Craig Moffett - MoffettNathanson LLC

That's really helpful, Mike. Can I just follow up with one last question about that, which is as you think about those programming agreements, do you envision that the increased scale of adding U-verse subscribers, if you were to have an extra 6 million subscribers, would really change the tenor of your negotiations with the programmers?

Michael D. White

I don't think we've built substantial synergies in that regard into the model, Craig. They're mostly, I think as AT&T has said, by getting U-verse to our rates one way or the other, and we'll see when we kind of close and have our strategies all lined up. Obviously, we'll communicate to you all then. But I know both AT&T and we continue to be confident in the synergy commitments that they've made. And in fact, we think that they'll be able to exceed those commitments. But I don't think that's the primary thinking behind this, Craig, and there's probably more to it than that. There are a lot of factors that go into this, but suffice it to say our focus was on growth and our ability to sell broadband service, a good broadband service coupled with a great video offer and make it a seamless bundle, that is truly good for consumers.

Operator

We'll go next to the side of Michael McCormack with Jefferies.
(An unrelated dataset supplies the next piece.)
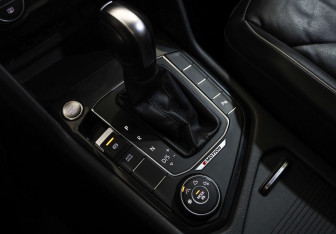 Подержанный автомобиль Volkswagen Tiguan 2019 года (15 фото)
Scott Goldman - Jefferies LLC, Research Division

It's Scott Goldman on for Mike. Maybe a couple of questions around LatAm for Bruce. Bruce, maybe you can walk us through a little bit on the puts and takes on LatAm ARPU for the year, I guess, in light of your outlook on the sub growth there. And then maybe a bigger-picture question on LatAm as you go forward. How do you guys generally think about this business? Do you still view this as a real big growth business or just moving into a bit more of a free cash flow story going forward?

Bruce Barrett Churchill

Okay. Well, with respect to ARPU, there's obviously a number of factors that play in here. First of all is, of course, we price locally. So we do whatever we can in every market, particularly those with high inflation, to at least stay even with the inflation, although that can often be challenging, particularly in those markets which have either explicit or quasi-explicit price controls. But as a general rule, we expect to continue to be pretty, as I said, aggressive, I think, about trying to put through price increases to match inflation in most of the key markets. And that is what helps us not only then maintain the ARPU when you eventually translate into dollars as best we can but also more importantly, maintain the margins because, obviously, a lot of the costs are reflected by inflation, particularly employees and that sort of thing. So I think those are the key drivers of ARPU going forward is going to be our ability to continue to price to inflation. In general...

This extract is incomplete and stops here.